While the events crashed and thundered all around us, it was a relief to see Dana still huffing in the corner somewhere. It’s a neat twist by the writers, to establish the teenage character — on most shows, the reliable dumping ground for recklessness and sentimentality — as the eye-rolling voice of reason. Dana is right to snark her way through her family’s forced evacuation: These people are living in a soap opera, not a national security crisis! And while I wholeheartedly support Major Mike’s hijacking of the Brody family — I mean, the man can whip up a mean huevos rancheros — it did seem to me that there might have been a better time for Jessica to debrief him. After all, her husband was supposedly out saving the world and from what she’d been told her kids were in danger from a great deal more than just too many cool big-screen TVs. But as noted counterintelligence operative Woody Allen once said, “the heart wants what it wants.” And hey, his extramarital decisions always seemed to work out just fine!
But for me, the hardest thing to swallow remained the relatively low-key reaction to Nazir’s arrival. Think back to the entire (and entirely flawed) rationale for the Iraq war, that it’s better to “fight them over there than to fight them here.” Can you imagine the psychological panic if Osama bin Laden had been spotted strolling the aisles at Safeway? So it was tough to reconcile the muted reception and minimal manpower with the enormity of Nazir’s presence. In the scene in which Estes sells the Vice-President and a bad-acting Brody on the plan — I kept thinking Walden would almost have to smell the flop sweat on his putative running mate — I was hoping Walden would choose to echo Estes himself back when Saul showed him the suicide video: that this needs to work because otherwise everyone in power is finished forever. And so the actual plan — involving the stakeout of a diner and the desperate hope that Wes Mantooth isn’t listed as a member of Roya’s news team — seemed a little flimsy. If Quinn was willing to put a knife through Brody’s hand, couldn’t they have leaned a little more on Roya? And now that the CIA has shown its cards, hasn’t Brody’s double game been revealed? Either way, our stumbling heroes don’t have Sandman, and now they have even less time.
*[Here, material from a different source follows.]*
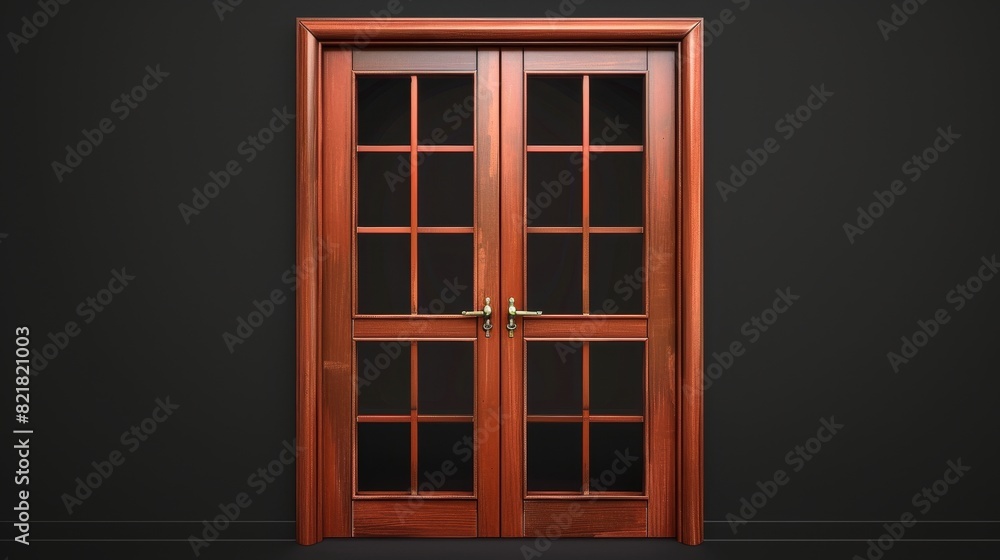 This is a 3D realistic wood front door inside a modern house. Isolated interior office gate design with glass and handle. Simple brown and elegant black room entry object frame different asset This is a 3D realistic wood front door inside a modern house. Isolated interior office gate design with glass and handle. Simple brown and elegant black room entry object frame different asset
How many more unmarked vans will Carrie have to burst out of, disappointed, before Saul — or, hell, anyone — suggests something better?
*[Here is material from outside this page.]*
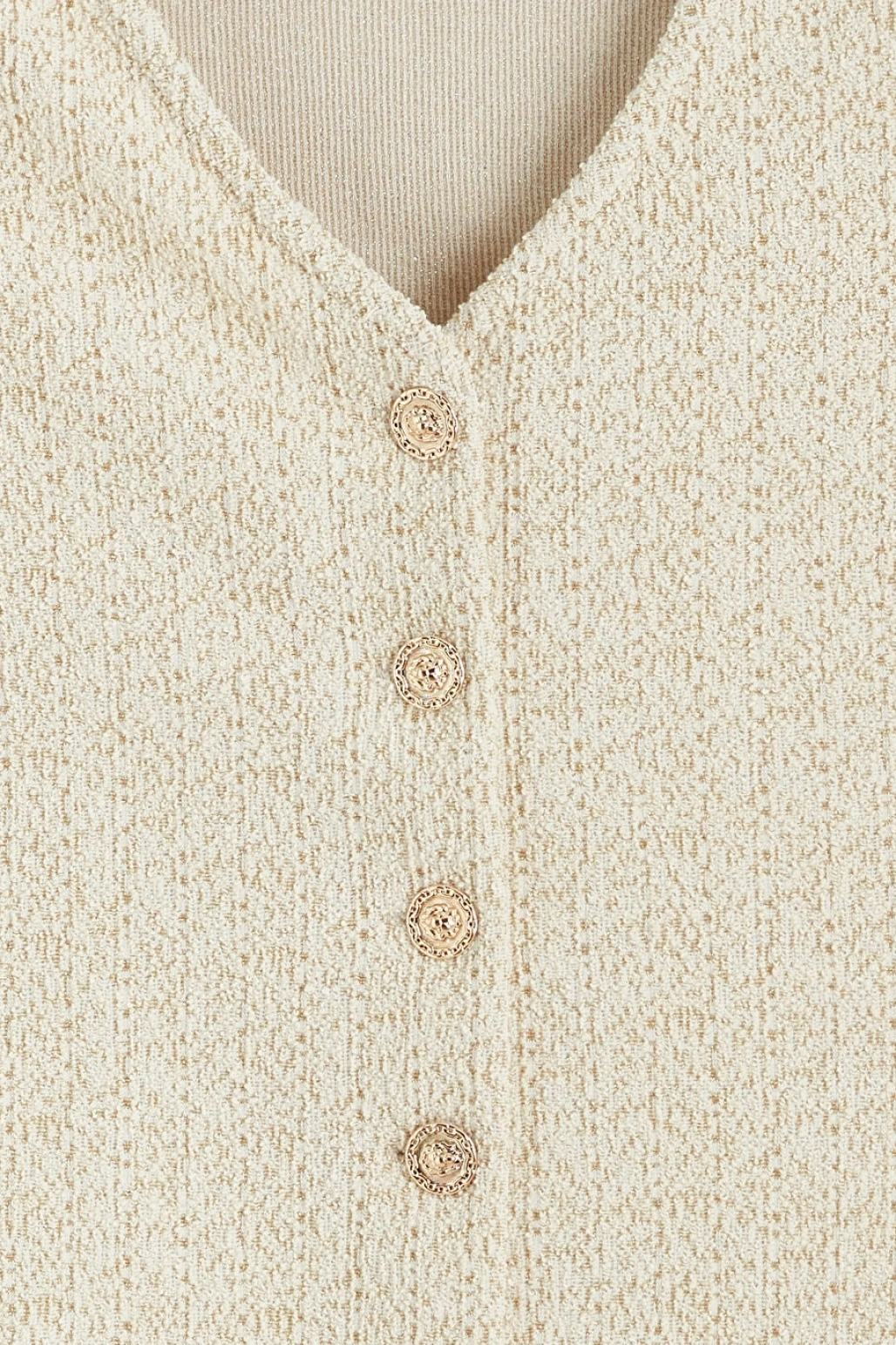 LCWAIKIKI Basic Ekru V Yaka Ekose Kadın Yelek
That’s why, on this Thanksgiving weekend, I was most thankful for the clever reveal of Quinn and his true intentions. The guy may have the healing factor of Wolverine and the reading list of David Simon, but at least he’s a cold-blooded professional. It was a relief to learn that no matter how many Fishtown cops he knocks up or Oscar-winning actors he pals around with, Quinn is there to clean up the mess created by all of his excitable colleagues. Contrary to Nazir, the emo imam, who believes that “each of us must decide what we can or cannot do,” Quinn long ago gave up any pretense of making his own decisions, probably around the same time he gave up creature comforts like “sheets.” They’re on different sides, but he reminds me of Tom Walker: the perfect soldier because he was willing to follow orders and pull the trigger. On Homeland, the biggest betrayer isn’t Brody, it’s the human heart. And I wonder if Peter Quinn might wind up on top for the sole reason that he no longer seems to be burdened with one.